Her husband nodded, welcoming this pseudonymous newcomer to the company of cutouts and code names with whom he’d transacted so much of his life.

“What’s he like?” Hunt asked Dorothy, knowing she had made the man’s acquaintance only over the shopping-center pay phone that Mr. Rivers had said he would call.

“He’s like one of the Dead End Kids.”

“Was he faking the voice? ‘Dese, dem, and dose’?”

“No,” said Dorothy. “The accent was too real, and it never varied. He’s a genuine meatball.”

Hunt nodded.

“I agreed to be the conduit,” she said.

Her husband looked at her admiringly, aware of the pressures she would now be under.

“I’ve got to get a pad and pencil,” said Dorothy, walking toward the kitchen counter. “I’m going to draw up a budget. For us; for Bernie and Clarita; for everybody else.”

“I’ll get Bernie on board,” said Hunt, as if offering to wash the dishes while she dried. “And he can figure out the numbers for the boys.”

“If you call him from Potomac Village, try to find a different
phone booth from the one I used near Montgomery Ward. It’s got no door.”

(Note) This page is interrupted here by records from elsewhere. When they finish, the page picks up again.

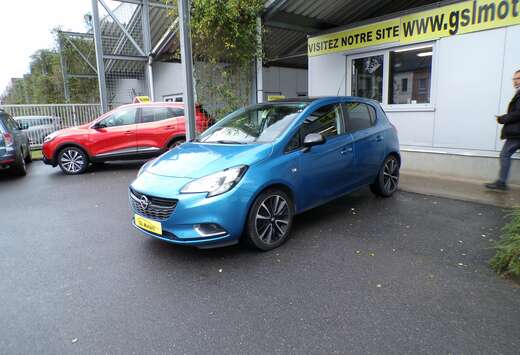 Opel 1.4i 90cv bleue 05/19 62.906km Airco Cruise radi ...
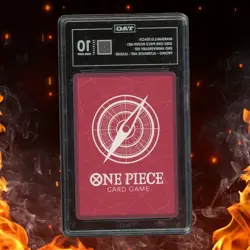 2025 One Piece 2nd Anniversary MARSHALL.D.TEACH Leader Promo TAG 10 #OP09-081 - Image 2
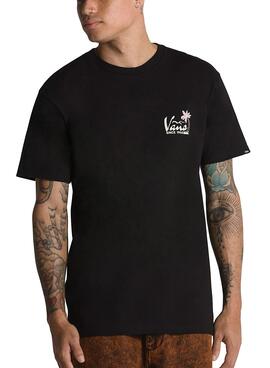 T-Shirt Vans Loge Noire pour Femme et Homme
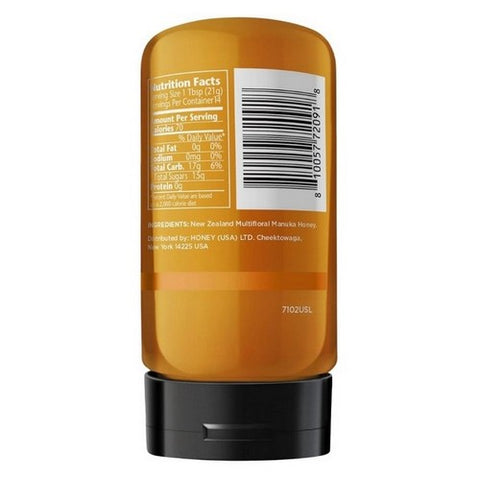 Manuka Doctor, Multifloral Manuka Honey MGO 80 Plus, 300 Mg, 10.58 Oz (Case Of 6)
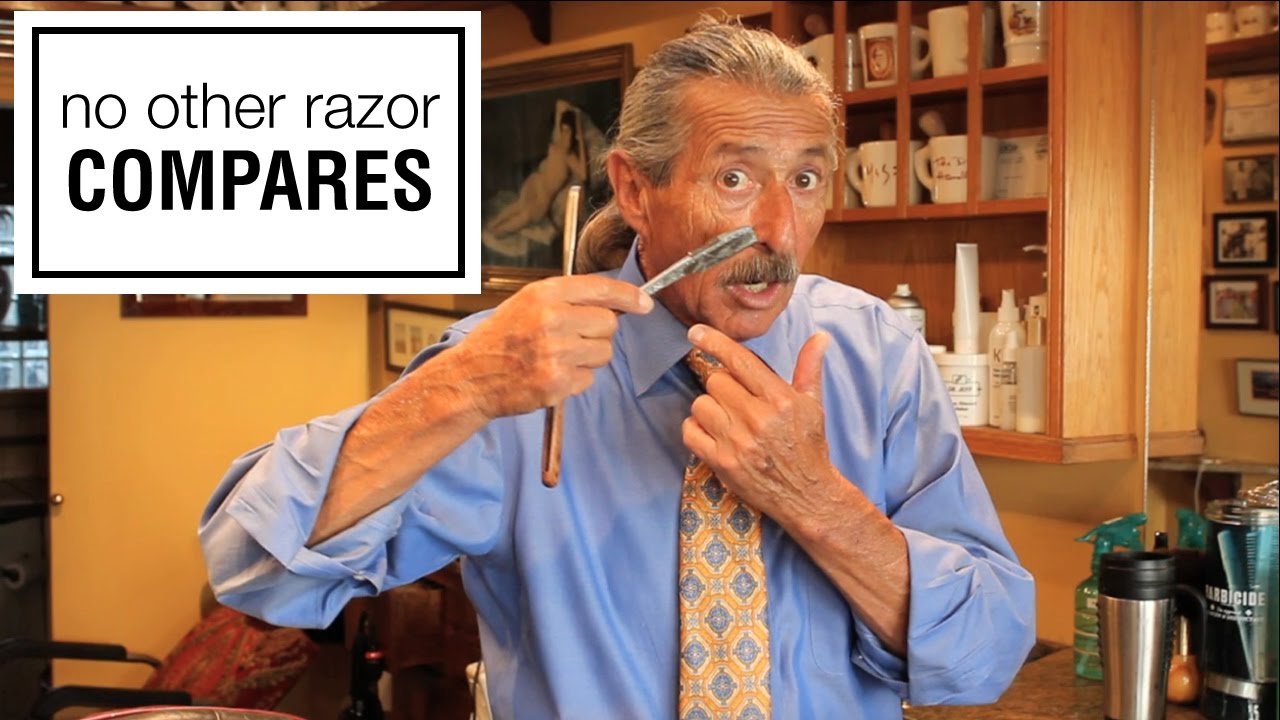 Barbers: Why NO other Razor compares to the Feather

She went off to the kitchen to start calculating the Hunts’ share of the payments. Her husband continued looking at her for a few moments, trying to decide whether she was newly energized or ready to crack.

Back upstairs, he resumed drafting the letter he intended to send Chuck Colson, recounting all that had happened in the three weeks since his own name had first appeared in the
Post
, a paper he never read regularly. He would try to avoid any allusions to
The Odyssey
(he doubted Chuck had done as well as he had in classics at Brown), but he’d been peripatetic to say the least.

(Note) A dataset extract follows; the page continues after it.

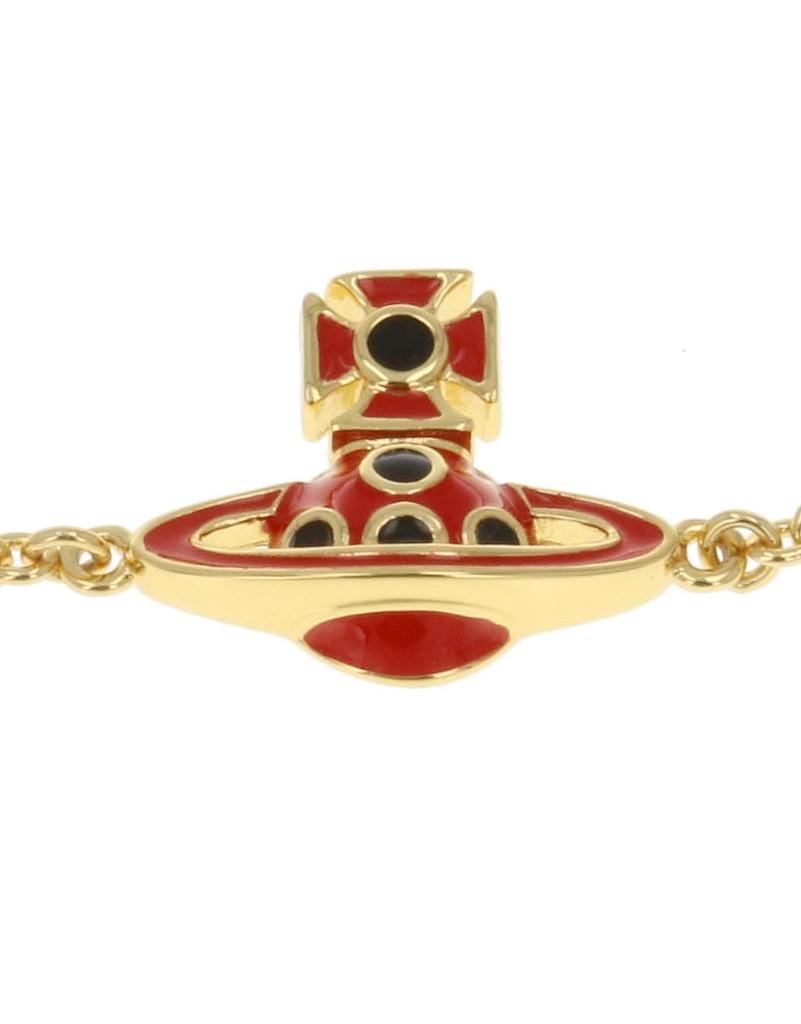 Vivienne Westwood SYLVANA Bracelet Brass Women's 6102024F/02R900 [Used]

After leaving Washington on June 19, he’d spent a single night in New York before heading to Los Angeles, where he lay low at the house of his old war buddy, Anthony Jackson. But his presence soon made Jackson nervous, and as the days passed with no word about money or legal representation, Hunt himself had started feeling hopeless. Then, unexpectedly, Liddy—who even
now
wasn’t publicly connected to the break-in—had arrived, with cheering assurances that John Mitchell would take care of everyone, even though the administration appeared to be going along with the police investigation. In fact, Hunt could not get over the degree of their cooperation: in more than twenty years, the only element of the government ever to acknowledge his connection to the CIA had turned out to be the White House.

Before June was over, he’d flown to Miami, hoping to see Bernie, who was at last out on bail. But the vans and cameras of the local news stations were all around the Barkers’ house, so he’d given up and gotten the next plane back to L.A. As July Fourth approached, weary of imposing on Jackson, he’d gone to Chicago to stay with Dorothy’s cousins. It was from there that he’d finally made arrangements with a lawyer, William Bittman, a connection of Jackson’s who, conveniently enough, lived and worked here in Potomac.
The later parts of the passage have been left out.